(Data to use begins)

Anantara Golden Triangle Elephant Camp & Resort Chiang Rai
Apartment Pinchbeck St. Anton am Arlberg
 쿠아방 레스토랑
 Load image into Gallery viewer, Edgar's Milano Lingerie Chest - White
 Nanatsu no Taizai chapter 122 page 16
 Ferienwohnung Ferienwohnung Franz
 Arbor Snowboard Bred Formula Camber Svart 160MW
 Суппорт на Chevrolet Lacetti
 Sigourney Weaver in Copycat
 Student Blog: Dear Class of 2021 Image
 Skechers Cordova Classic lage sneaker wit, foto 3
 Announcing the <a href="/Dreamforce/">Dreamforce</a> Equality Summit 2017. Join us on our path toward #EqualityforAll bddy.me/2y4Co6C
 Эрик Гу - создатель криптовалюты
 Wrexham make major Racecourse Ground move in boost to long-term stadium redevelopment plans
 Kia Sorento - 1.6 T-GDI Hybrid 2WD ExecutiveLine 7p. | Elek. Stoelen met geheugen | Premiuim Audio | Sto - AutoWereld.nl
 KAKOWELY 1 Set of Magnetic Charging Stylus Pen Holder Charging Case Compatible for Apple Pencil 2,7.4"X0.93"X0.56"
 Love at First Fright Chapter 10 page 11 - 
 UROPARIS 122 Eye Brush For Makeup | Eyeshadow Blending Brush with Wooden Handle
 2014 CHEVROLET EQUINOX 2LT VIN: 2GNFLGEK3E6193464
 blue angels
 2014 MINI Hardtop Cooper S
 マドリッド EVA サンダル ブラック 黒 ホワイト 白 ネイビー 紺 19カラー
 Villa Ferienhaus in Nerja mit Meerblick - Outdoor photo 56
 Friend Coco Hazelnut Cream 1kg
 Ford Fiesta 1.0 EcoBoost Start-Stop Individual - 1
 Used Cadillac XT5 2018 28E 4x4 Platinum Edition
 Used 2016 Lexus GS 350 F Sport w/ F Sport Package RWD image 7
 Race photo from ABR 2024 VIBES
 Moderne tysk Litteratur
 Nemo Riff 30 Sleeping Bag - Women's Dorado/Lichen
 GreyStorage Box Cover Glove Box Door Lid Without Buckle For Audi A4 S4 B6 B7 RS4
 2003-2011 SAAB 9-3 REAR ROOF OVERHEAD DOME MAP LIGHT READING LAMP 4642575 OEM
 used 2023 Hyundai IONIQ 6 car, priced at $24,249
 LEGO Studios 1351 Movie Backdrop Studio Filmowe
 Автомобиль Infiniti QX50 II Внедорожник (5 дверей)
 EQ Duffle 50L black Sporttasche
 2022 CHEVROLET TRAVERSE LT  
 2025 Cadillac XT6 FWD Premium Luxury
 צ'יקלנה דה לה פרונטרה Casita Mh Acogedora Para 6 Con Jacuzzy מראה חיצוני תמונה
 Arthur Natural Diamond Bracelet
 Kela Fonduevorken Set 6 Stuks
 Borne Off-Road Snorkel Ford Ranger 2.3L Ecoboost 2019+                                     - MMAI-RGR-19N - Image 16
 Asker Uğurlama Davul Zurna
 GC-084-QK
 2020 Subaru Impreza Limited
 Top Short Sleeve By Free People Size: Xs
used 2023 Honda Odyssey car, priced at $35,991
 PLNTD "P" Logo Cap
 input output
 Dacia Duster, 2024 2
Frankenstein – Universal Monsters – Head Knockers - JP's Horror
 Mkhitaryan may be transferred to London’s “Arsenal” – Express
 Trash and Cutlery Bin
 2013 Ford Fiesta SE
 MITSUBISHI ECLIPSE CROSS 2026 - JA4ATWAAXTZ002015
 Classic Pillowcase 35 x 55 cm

(Data to use ends)

Only the lines from the one containing "used 2023 Honda" through the final line of the data belong in the answer, repeated exactly.

**Answer to this exercise:**
used 2023 Honda Odyssey car, priced at $35,991
 PLNTD "P" Logo Cap
 input output
 Dacia Duster, 2024 2
Frankenstein – Universal Monsters – Head Knockers - JP's Horror
 Mkhitaryan may be transferred to London’s “Arsenal” – Express
 Trash and Cutlery Bin
 2013 Ford Fiesta SE
 MITSUBISHI ECLIPSE CROSS 2026 - JA4ATWAAXTZ002015
 Classic Pillowcase 35 x 55 cm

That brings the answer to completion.